The backers of these businesses have one thing right: for the first time in American history there is a critical mass of sports-minded women. When Congress passed Title IX of the Civil Rights Act in 1972, prohibiting schools from discriminating by gender in sports, money for scholarships, coaching and equipment began flowing toward women’s athletics. The effect has been stunning: the ratio of high-school girls on teams has risen from 1 in 27 then to 1 in 3 today. The first wave of “Title IX babies” demonstrated their might during the 1996 Summer Olympics. And women didn’t just deliver gold on the field; a 40 percent increase in female viewers age 18-34 powered NBC to record ratings.
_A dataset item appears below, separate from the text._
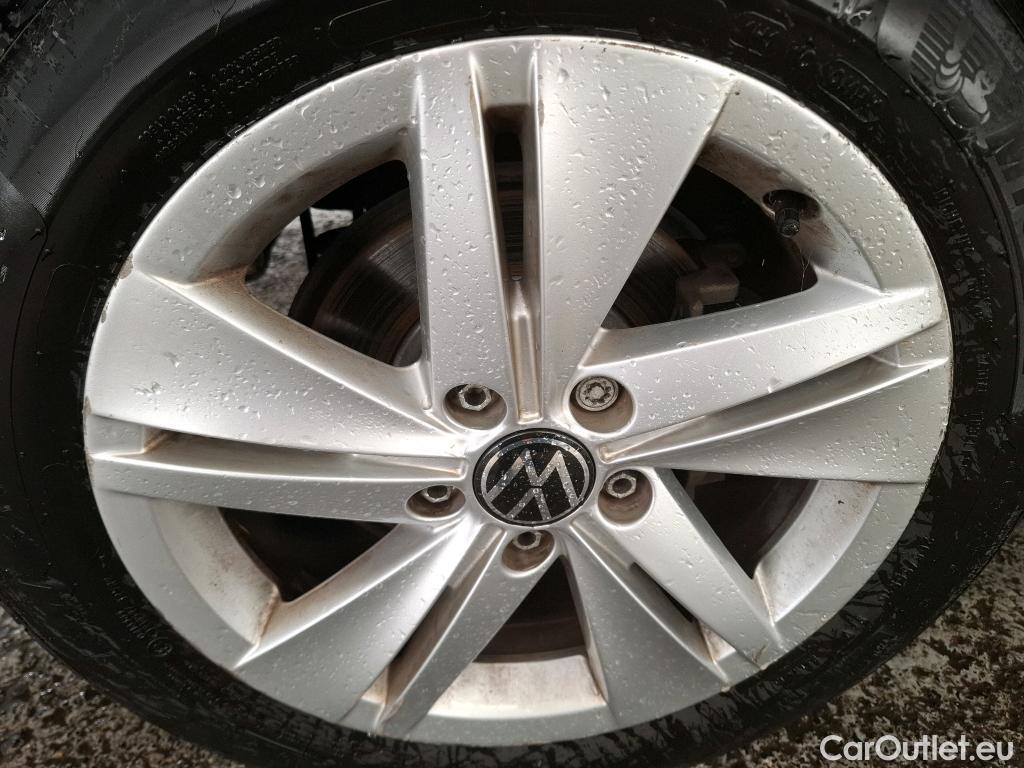  Volkswagen  Golf  VOLKSWAGEN  2020  5P  Berline 20 TDI SCR 150 DSG7 Life Busi 1st #22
But fans who tune in for just the big events won’t be enough to keep these ventures afloat; women will have to eat, drink and breathe sports like, well, men. Consider that four different attempts to found a women’s basketball league have been made in the last two decades–and failed. True, the WNBA, which will debut this June, already boasts television contracts with NBC, ESPN and Lifetime. But the national audience for women’s basketball is still more than 55 percent male. Organizers of the new women’s basketball leagues know that NBA-style success will require NBA-caliber female fans. WNBA president Val Ackerman hopes to get girls who would have once played with dolls to read the sports pages instead: “Girls 7 to 17 are our priority target.”

Most female players are grateful for the opportunity, even if the future is uncertain. Before she learned of plans for the WNBA last May, Olympian Rebecca Lobo says, “I thought I was going to come back from Europe [where she would have played ball this winter] for a 9-to-5 job.” She can’t help adding, however, that her salary with the yet-to-be-named WNBA New York franchise is “still far from the million-dollar mark.” But Lisa Leslie, another former Olympian with a WNBA gig, is optimistic about her colleagues’ future earnings. She argues that female players will become increasingly attractive to sponsors because of their clean images. “Men,” she says, alluding to scandals involving male sports stars, “have gotten out of hand.”

No supermodels: Male-oriented sports magazines like Sports Illustrated and Outside have seen their female readership increase by as much as 15 percent over the last five years. They believe they can win over still more women if they offer publications geared just to them–ones that men, by the way, aren’t expected to read. Female readers of SI list football as their favorite sport, but Sandy Bailey, editor of SI Woman–a test issue of the quarterly will appear on newsstands in April–says that’s because SI hasn’t offered them anything else. Instead Bailey is going to give her readers less of the “big four” sports and fewer stats, featuring topics like abusive coaches and tennis fathers, as well as hands-on celebrity advice about working out, like IN THE GYM WITH PICABO STREET: BUILDING A STRONGER LOWER BODY. But she wants to be clear that this is not just some women’s magazine in sports drag: “We are not about supermodels on bikes.”

In fact, many of the women publishing the new female sports books are contemptuous of the traditional women’s mags’ emphasis on unattainable beauty–yet they can’t ignore it altogether. Sure, CondE Nast Sports for Women (October ‘97) has lined up top-jock contributors, including Martina Navratilova and Gabrielle Reece. And editor Lucy Danziger insists she is aiming at readers more interested in buffing up than in making themselves over. Still, her publisher, Deanne Brown, readily admits, Sports for Women is going to have to meet the very high esthetic standards of the rest of the industry. “That doesn’t mean if a female athlete was ugly we wouldn’t put her in the book,” Brown explains, “just not on the cover.” In that one, time-honored way, women’s sports still has a long way to go.